I'm curious-do you believe that evolution is a deliberate lie? Do you believe that it's a lie concocted by professional scientists who really know better but knowingly lie for whatever reason they choose to do so?

I'm an evolutionist. I think that no theory or hypothesis, no matter how popular, should be shielded from challenge. If people think there are serious scientific shortcomings or even fatal flaws in the ToE, I think people should voice them. I'm not opposed to seeing evolution challenged. In my judgment, some of the best scientific theories in the past have risen from people willing to challenge the prevalent paradigm.

Regarding the partial quote above, when you state you believe no theory or hypothesis... should be shielded from challenge, you are in the definite minority among the ToE faithful. And I do applaud your willingness to examine the evidence. Honest people can have honest differences of viewpoint.
 

Noaidi

slow walker
Regarding the partial quote above, when you state you believe no theory or hypothesis... should be shielded from challenge, you are in the definite minority among the ToE faithful.
Interesting, rusra. There have been numerous people in various threads here saying exactly the same thing. In science, nothing is set in stone, nothing is taken for granted. Results, data, conclusions are routinely challenged and rightly so.

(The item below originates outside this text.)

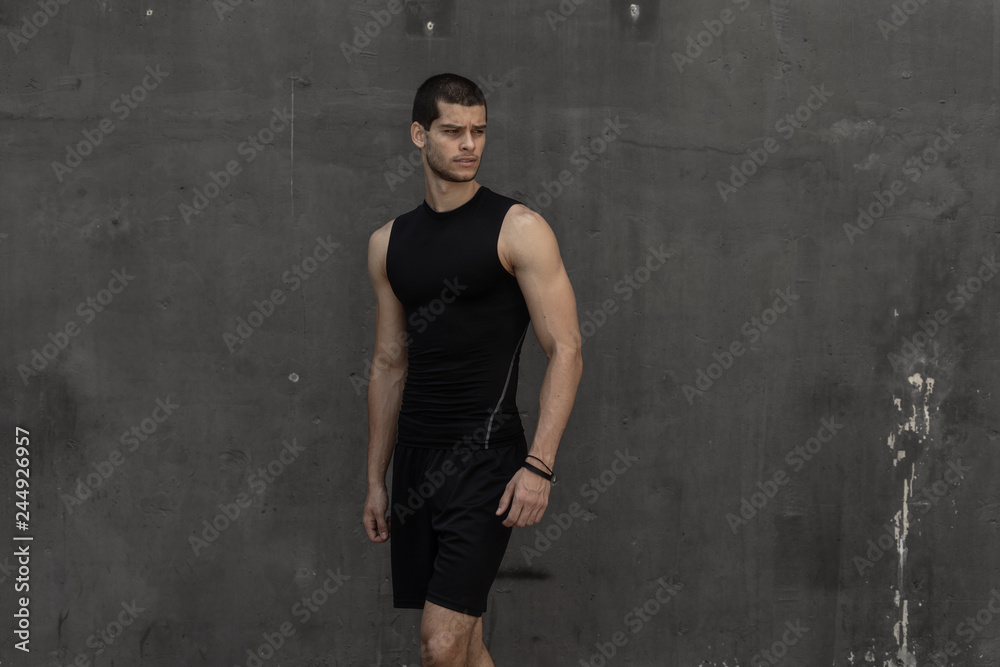 Sport model man posing gray wall background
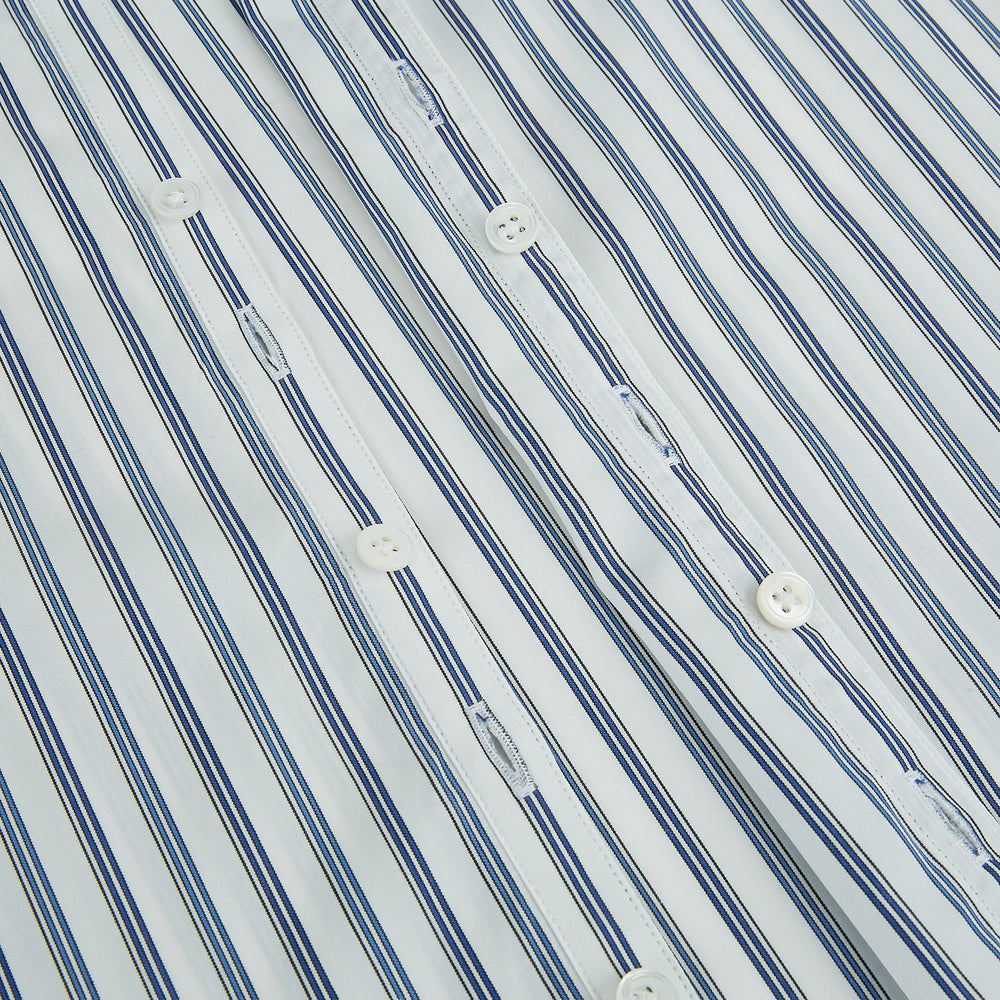 The SAPPHIRE BLUE MULTI TRACK STRIPE WINDSOR SHIRT by Turnbull & Asser features long sleeves, button-up front, classic collar, blue and white vertical stripes, buttoned cuffs, and showcases British craftsmanship on a white background.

Where do you get the notion that science doesn't operate in this way?
 

tumbleweed41

Resident Liberal Hippie
Regarding the partial quote above, when you state you believe no theory or hypothesis... should be shielded from challenge, you are in the definite minority among the ToE faithful. And I do applaud your willingness to examine the evidence. Honest people can have honest differences of viewpoint.
Every aspect of science is challenged everyday. One of the most distiguishing features of the Scientific Method is the search for falsifying as well as confirming evidence.
 

johnhanks

Well-Known Member
Regarding the partial quote above, when you state you believe no theory or hypothesis... should be shielded from challenge, you are in the definite minority among the ToE faithful.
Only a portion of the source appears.